Hepatitis B virus (HBV) is the pathogen that causes hepatitis B (abbreviated as HBV) and belongs to the Hepadnaviridae family. The virus in this family includes two genera, Orthohepadnavirus and Avian Hepadnavirus. The Orthohepadnavirus is the one that causes human infection. The degree of liver cell damage is related to the strength of the body's immune response. The mechanisms of HBV-induced immunopathological damage include: low immune response caused by the virus, drug resistance caused by viral mutation, antibody-mediated immunopathological damage, and cell-mediated immunopathological damage. Commonly used drugs include interferon, lamivudine, adefovir dipivoxil, telbivudine, entecavir, tenofovir disoproxil, etc. Since the current first-line antiviral drugs cannot meet the clinical cure needs of most patients, it is urgent to continue to develop new antiviral drugs and study new treatment options to improve the clinical cure of HB within a limited course of treatment. The new antiviral drugs currently under development are mainly divided into direct antiviral drugs (DAAs) targeting the virus life cycle and indirect antiviral drugs involved in immune regulation. DAAs mainly include small interfering RNA, antisense oligonucleotides, gene editing silencing, capsid assembly regulators, cell entry inhibitors, and HBsAg release inhibitors; indirect antiviral drugs involved in immune regulation mainly include TLR7/8 innate immune regulators, therapeutic vaccines, monoclonal antibodies, immune checkpoint inhibitors, etc.

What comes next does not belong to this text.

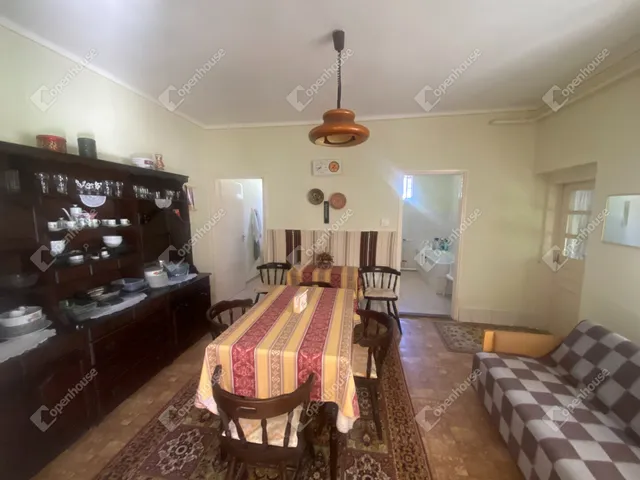 Eladó ház Darnózseli 150 nm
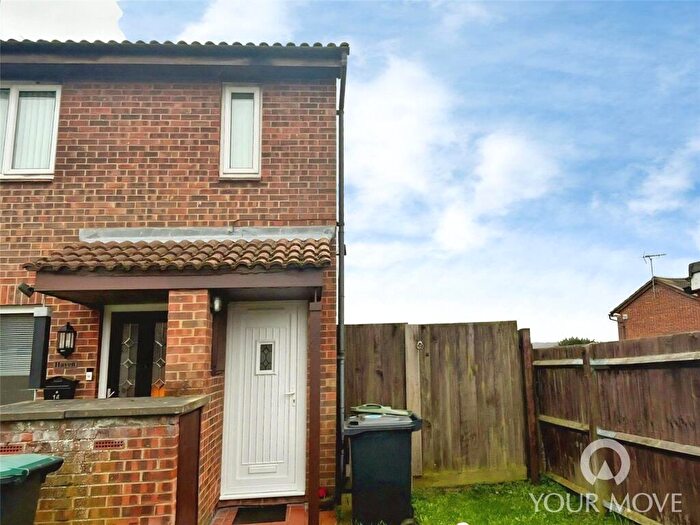 2 Bedroom Maisonette To Rent In Hatton Close, Northfleet, Gravesend, Kent, DA11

In chronic HBV infection, the body's innate and acquired immune responses are seriously impaired. HBV replication in hepatocytes is not detected by the innate immune system in the cells, resulting in impaired antigen presentation function of DCs [11]. In addition, NK cells and HBV-specific CD4+ and CD8+ T cells also suffer from severe dysfunction and exhaustion. HBV can produce and secrete a large amount of viral antigens, gradually changing and exhausting the function of HBV-specific T cells, resulting in reduced production of antiviral cytokines such as IFN-γ and TNF-α, and ultimately causing HBV to persist in the body for a long time and be difficult to eliminate [12,13]. The current research consensus is that the immune response mediated by CD4+ and CD8+ T cells determines the outcome of HBV treatment. However, even with the current standard of care, defects in the immune response make it difficult for patients to restore the function of HBV-specific immune cells to normal levels, and thus the infection cannot be effectively controlled.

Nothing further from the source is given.